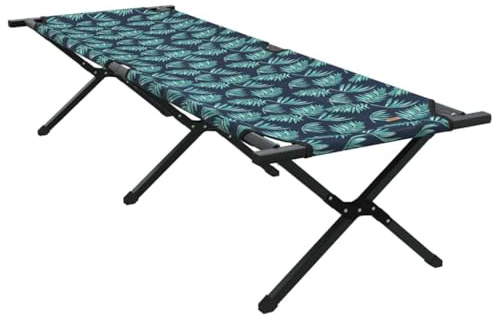 vidaXL Klappbare Sonnenliege mit Tragetasche Blättermuster 600D Oxford Stoff für Camping und Strand. Tragbare Outdoor-Lounge, klappbar, Polyester, leichte Schwarze Rahmenliege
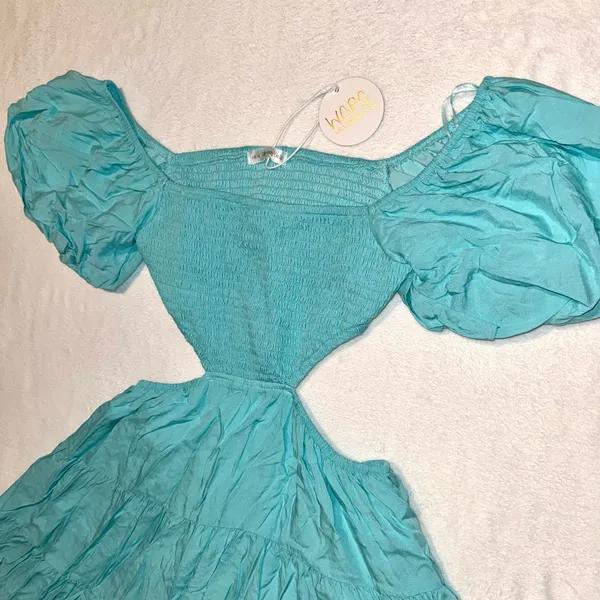 NWT Women’s WAPG Raegan Blue Teal Cutout Mini Dress size Medium - Image 4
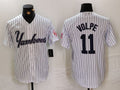 NY.Yankees #11 Anthony Volpe Player White Pinstripe Fashion Cool Base Baseball Jerseys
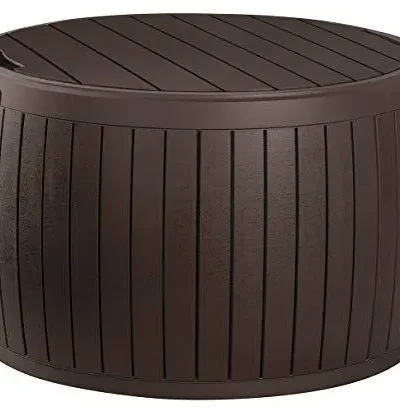Keter Circa 37-Gallon Round Outdoor Storage Deck Box – Brown Patio Table with Cushion Storage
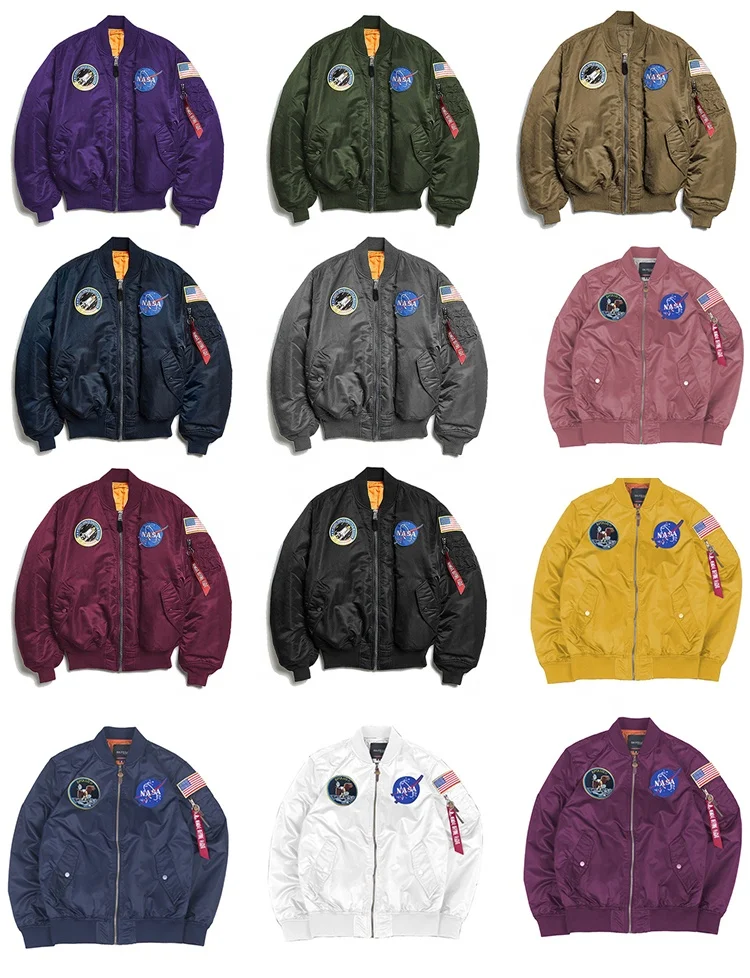 Custom Winter Astronaut Bomber Jacket Men High Quality Hip Hop Black  Sportswear Male Jacket Flag Print Men's NASA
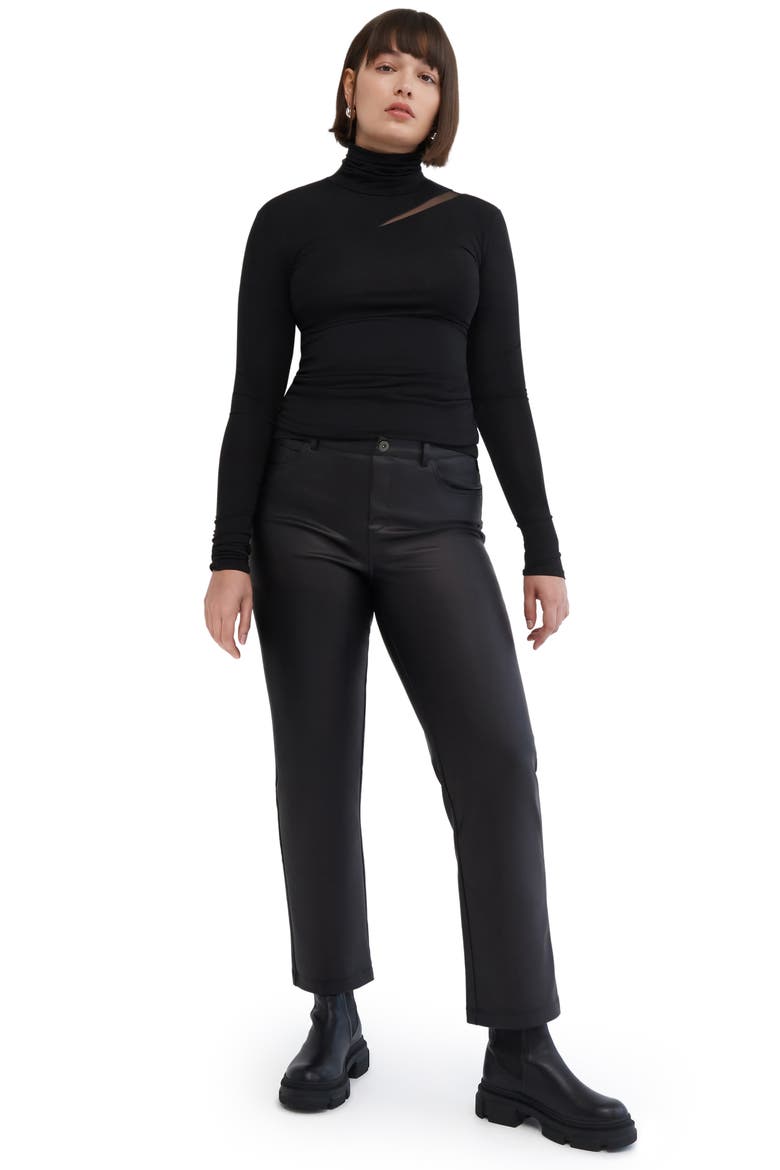 Vee Mesh Cutout Turtleneck Top, Alternate, color, BLACK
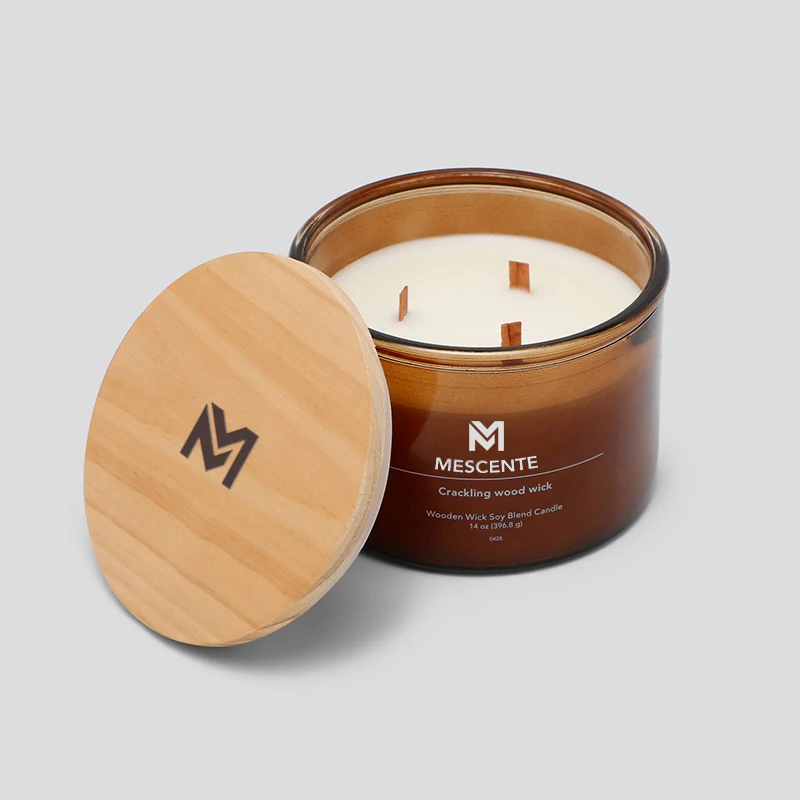 M&Scent natural wax 3-wick jasmine coconut candle with own logo, scented candles 3 wick jamaica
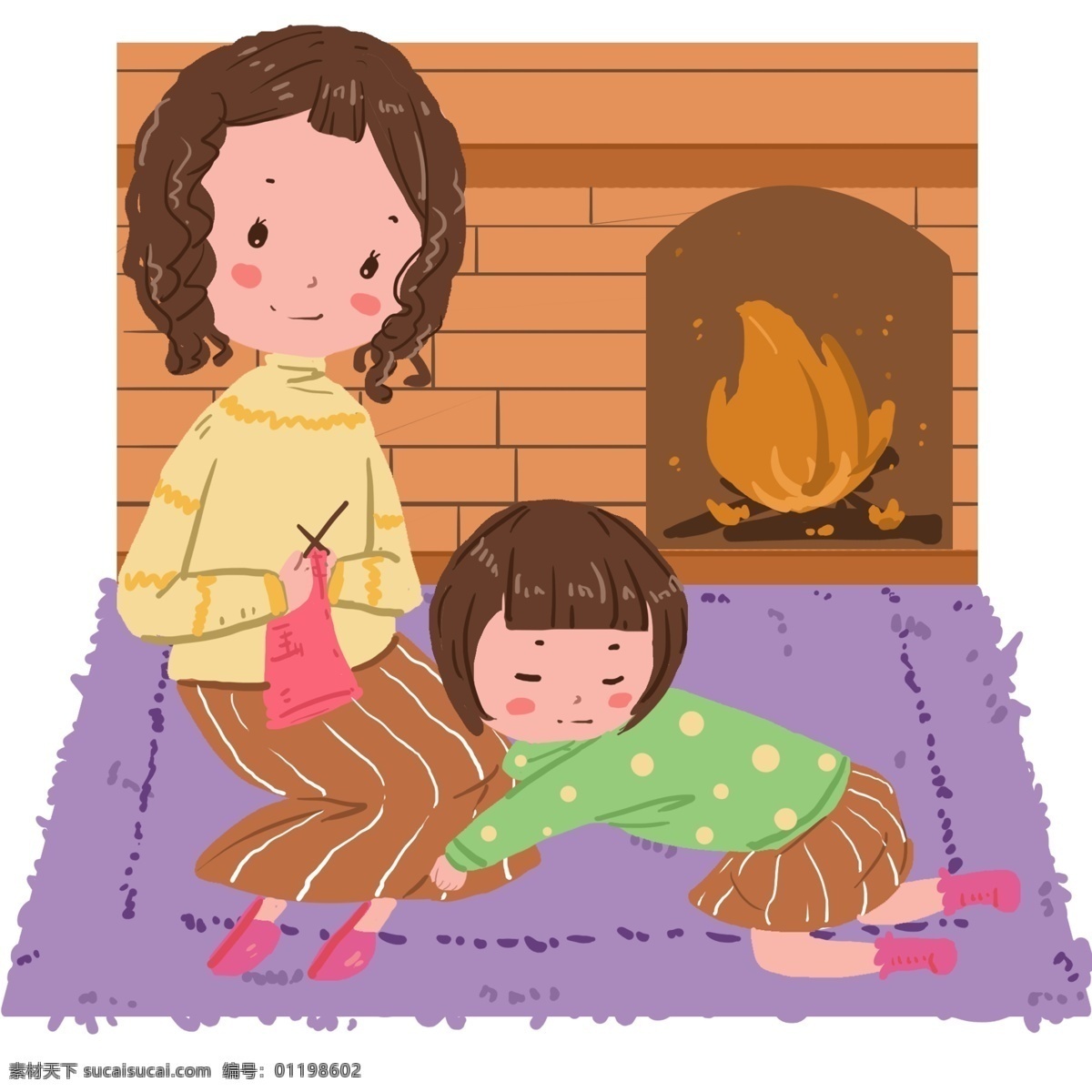 妈妈 冬天 小孩 织 围巾 冬季 严寒的冬天 开心 幸福 温暖 睡着 小女孩 粉色 漂亮 坐在 地毯 上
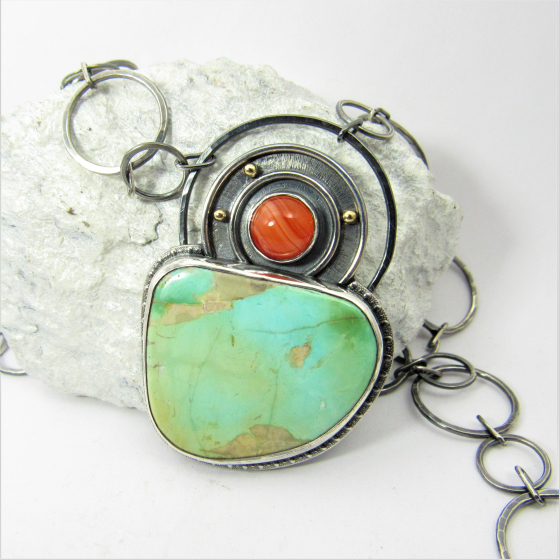 Turquoise, Carnelian, Sterling Silver And 18k Gold Pendant Necklace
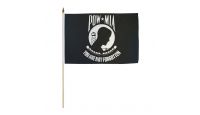 POW-MIA Standard Stick Flag 12in by 18in on 24in Wooden Dowel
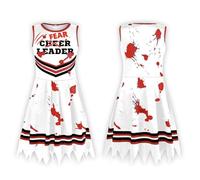 SZRXKJ Costume de pom-pom girl zombie pour enfant - Robe effrayante - Blanc, rouge et noir - Robe d'Halloween (blanc, 120)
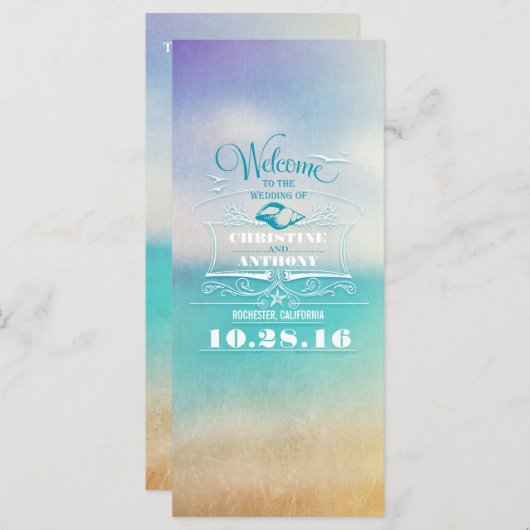 Romantische Hochzeitsfeiern am Strand - das blaue  Programm (Vorne/Hinten)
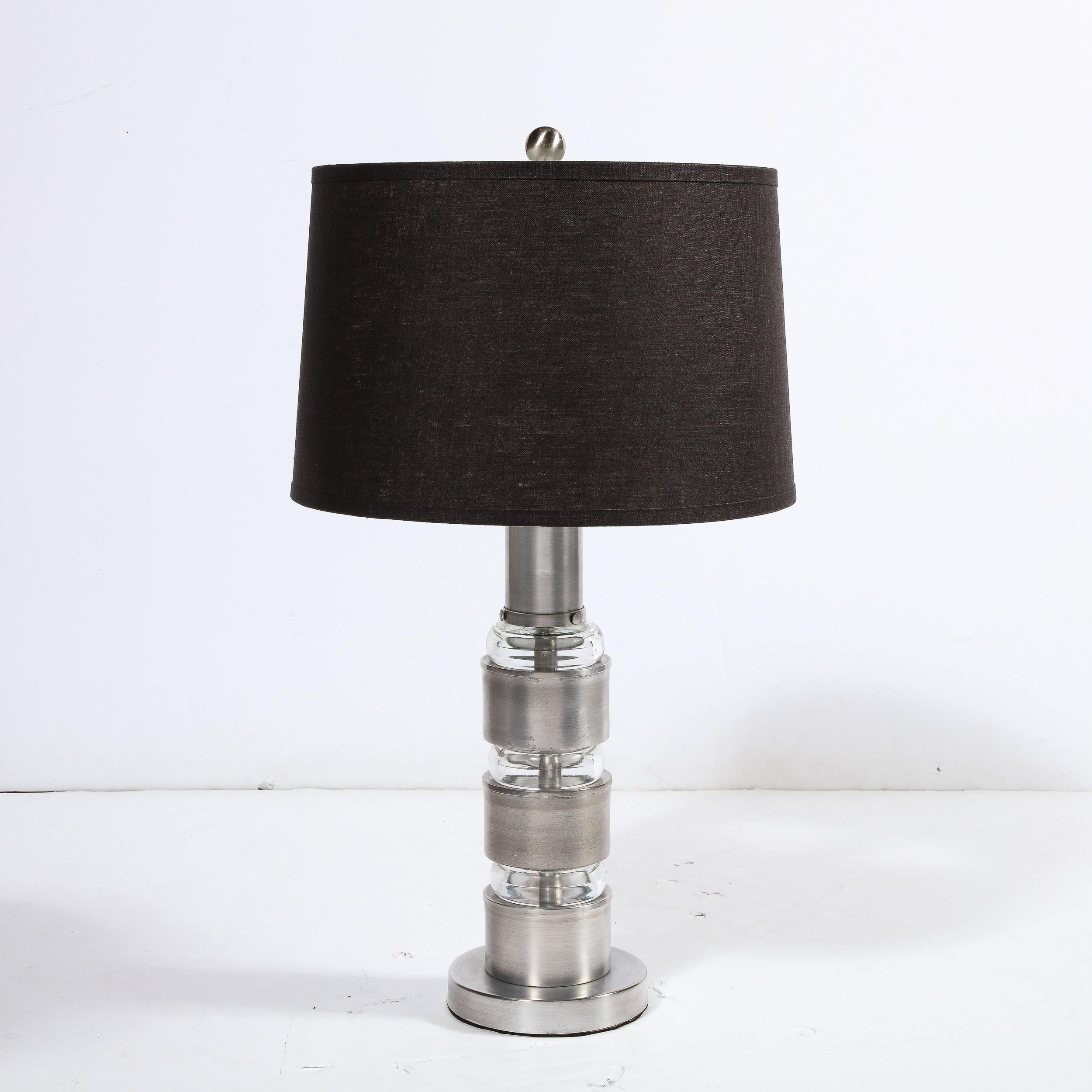 American Art Deco Machine Age Table Lamps in Brushed Aluminum & Glass by Russell Wright For Sale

• Try it
Nothing but the lines from the first line of the data through the line with "Keter Circa 37-Gallon" belongs in the answer, copied exactly and without pictures.

• Exercise output
 vidaXL Klappbare Sonnenliege mit Tragetasche Blättermuster 600D Oxford Stoff für Camping und Strand. Tragbare Outdoor-Lounge, klappbar, Polyester, leichte Schwarze Rahmenliege
 NWT Women’s WAPG Raegan Blue Teal Cutout Mini Dress size Medium - Image 4
 NY.Yankees #11 Anthony Volpe Player White Pinstripe Fashion Cool Base Baseball Jerseys
Keter Circa 37-Gallon Round Outdoor Storage Deck Box – Brown Patio Table with Cushion Storage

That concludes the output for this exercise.